WORK INSTRUCTION -> Look below for the line containing "Gildan Kids Harlem", then write out that line and every line after it to the end, exactly, minus the pictures.

Start of SUPPLIED MATERIAL

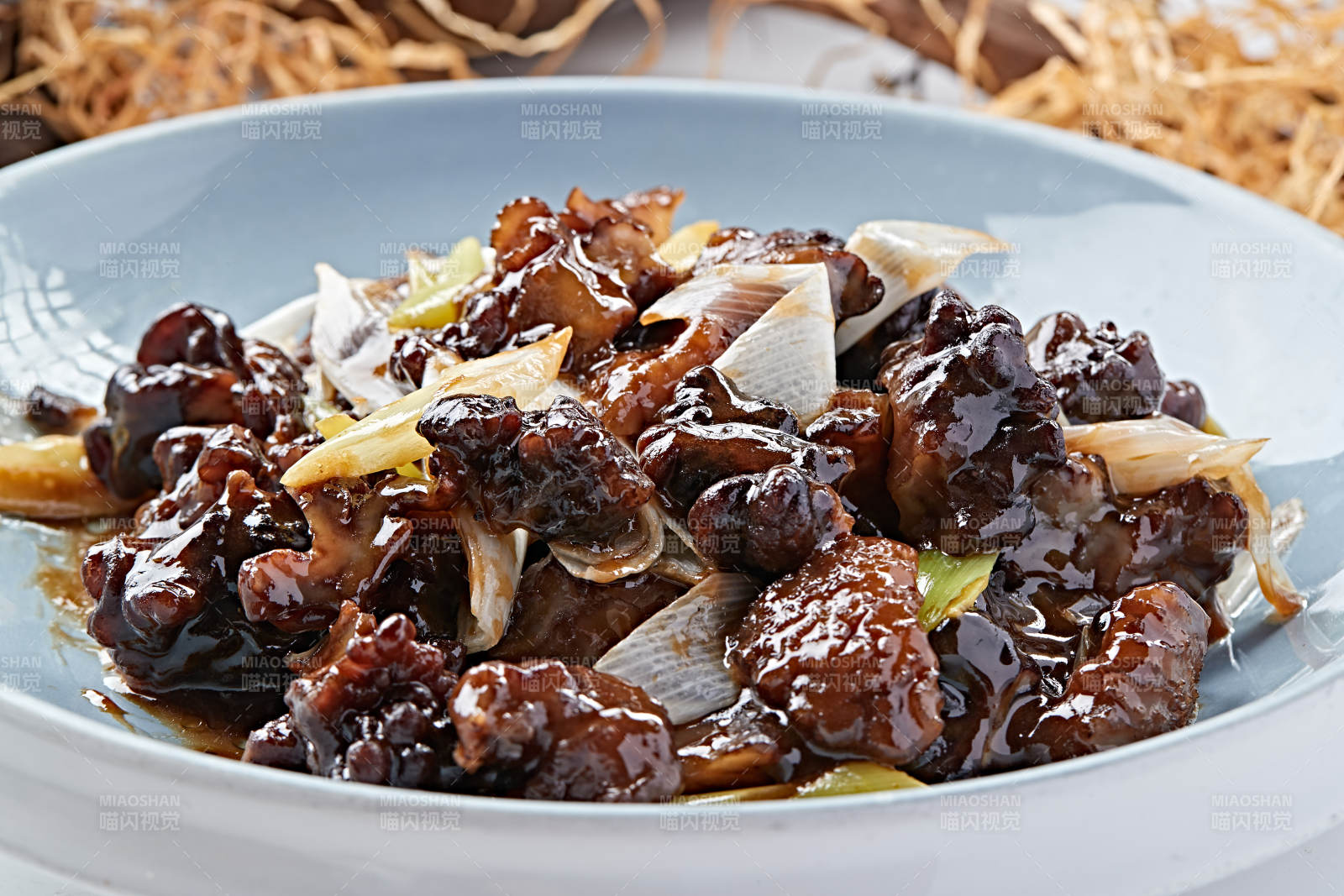 葱爆猪小排灵芝菌图片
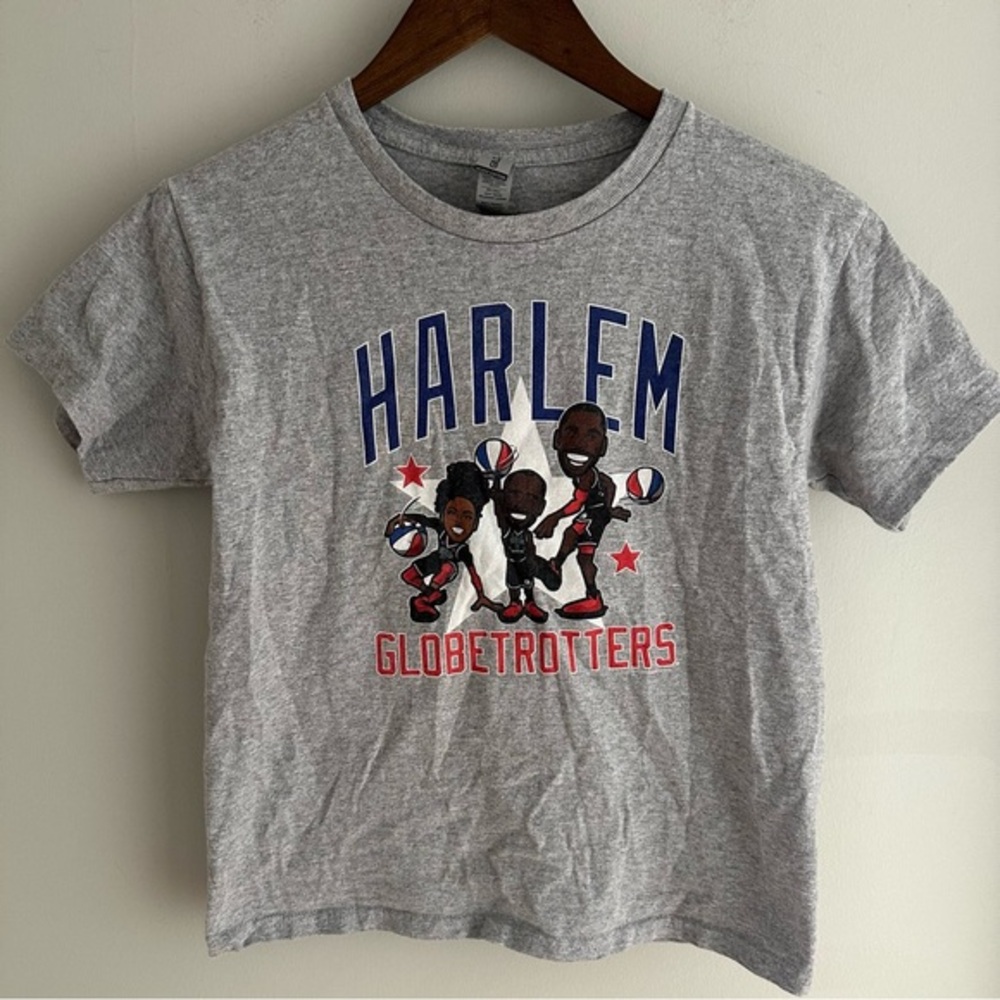 Gildan Kids Harlem Globetrotters Gray Fan Athletic T-Shirt Sporty Medium
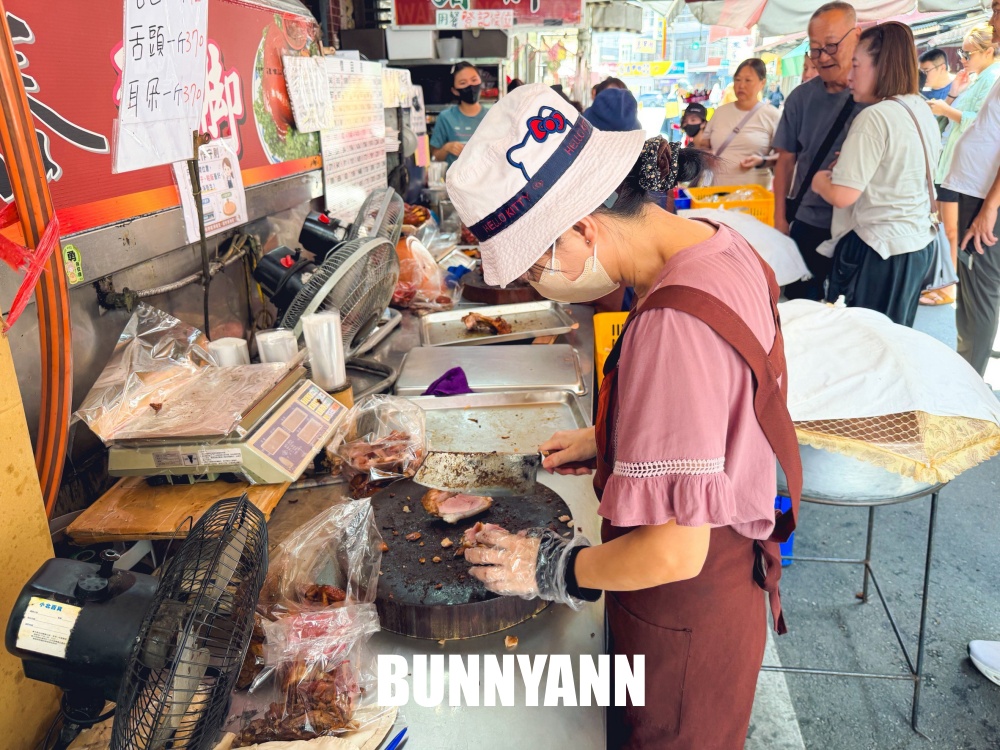 萬巒這家豬腳很可以，招牌豬腳皮Q肉嫩又入味，老字號口碑也是主打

End of SUPPLIED MATERIAL

RESPONSE FOR THIS EXERCISE ->
 Gildan Kids Harlem Globetrotters Gray Fan Athletic T-Shirt Sporty Medium
 萬巒這家豬腳很可以，招牌豬腳皮Q肉嫩又入味，老字號口碑也是主打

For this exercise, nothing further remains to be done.